Kamarajar Port Ltd, India’s only state-owned that is run as a company, has been entrusted with the task of implementing the ₹44,000 crore International Container Transhipment Port project at Galathea Bay in Great Nicobar Island, officials said.
Earlier, the Ministry of Ports, Shipping and Waterways had mandated Kolkata-based Syama Prasad Mookerjee Port Authority as the nodal agency for executing the project.
“Syama Prasad Mookerjee Port Authority has finalised and submitted the detailed project report of the project to the Ministry. The implementation is now entrusted to Kamarajar Port Ltd,” said a government official.
It is not clear whether Kamarajar Port Ltd will be the sole agency implementing the project.
“That is not clearly spelt out. But the thinking is that, as a company Kamarajar Port Ltd is in a better position to raise money from the market or to get equity inducements into the project than any major port authority,” the official said.

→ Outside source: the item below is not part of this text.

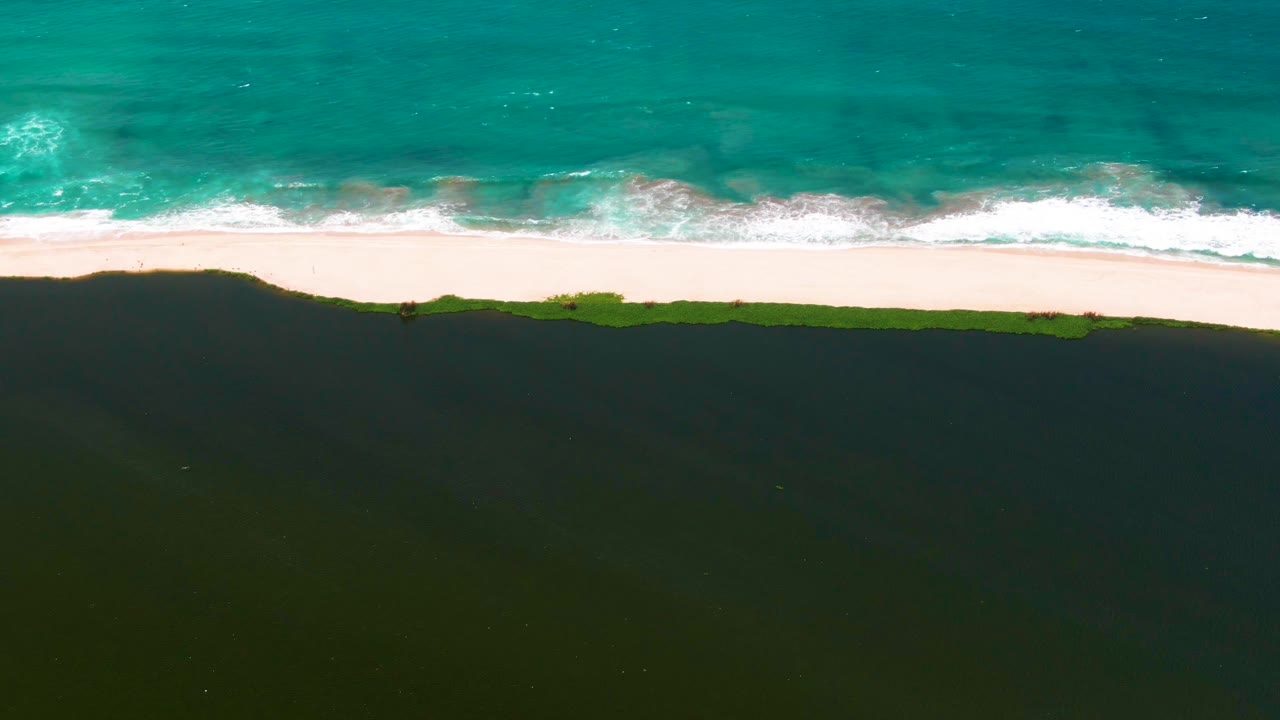 White wave foam spreads along a sandy shoreline under turquoise water.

Kamarajar Port Ltd is a subsidiary of Chennai Port Authority.
The ministry had earlier planned to build the transhipment port at Galathea through a special purpose vehicle of four state-owned major port authorities comprising Deendayal port Authority, Jawaharlal Nehru Port Authority, Paradip Port Authority and VOC Port Authority.
Each of these four major ports were expected to hold a 20-25 per cent stake in the SPV and develop the basic infrastructure such as dredging and breakwater construction of the new port after which cargo handling operations would be outsourced to private specialists in the field, the official said.
These four port authorities, though, are said to have expressed reservations on putting money to develop the new port as each of them are pursuing huge expansion plans within their respective ports such as the outer harbour container terminal project at VOC Port as well as greenfield ports such as Vadhvan in Maharashtra by JN Port Authority and Bahuda Muhan in Odisha by Paradip Port Authority.
The Ministry of Ports, Shipping and Waterways has notified the international container transhipment port at Galathea Bay as a ‘major port’ or those owned by the Union government.
When constructed, it will be the country’s 14th major port.
The new port will likely be developed in four phases with the first phase having a capacity to handle 4 million twenty-foot equivalent units (TEUs).
The capacity will be expanded to 16 million TEUs by 2058. A TEU is the standard size of a container and a common measure of capacity in the container business.
Galathea will be India’s third international container transhipment port/terminal after those at Vizhinjam and Cochin run separately by Adani Ports and Special Economic Zone Ltd and DP World Ltd.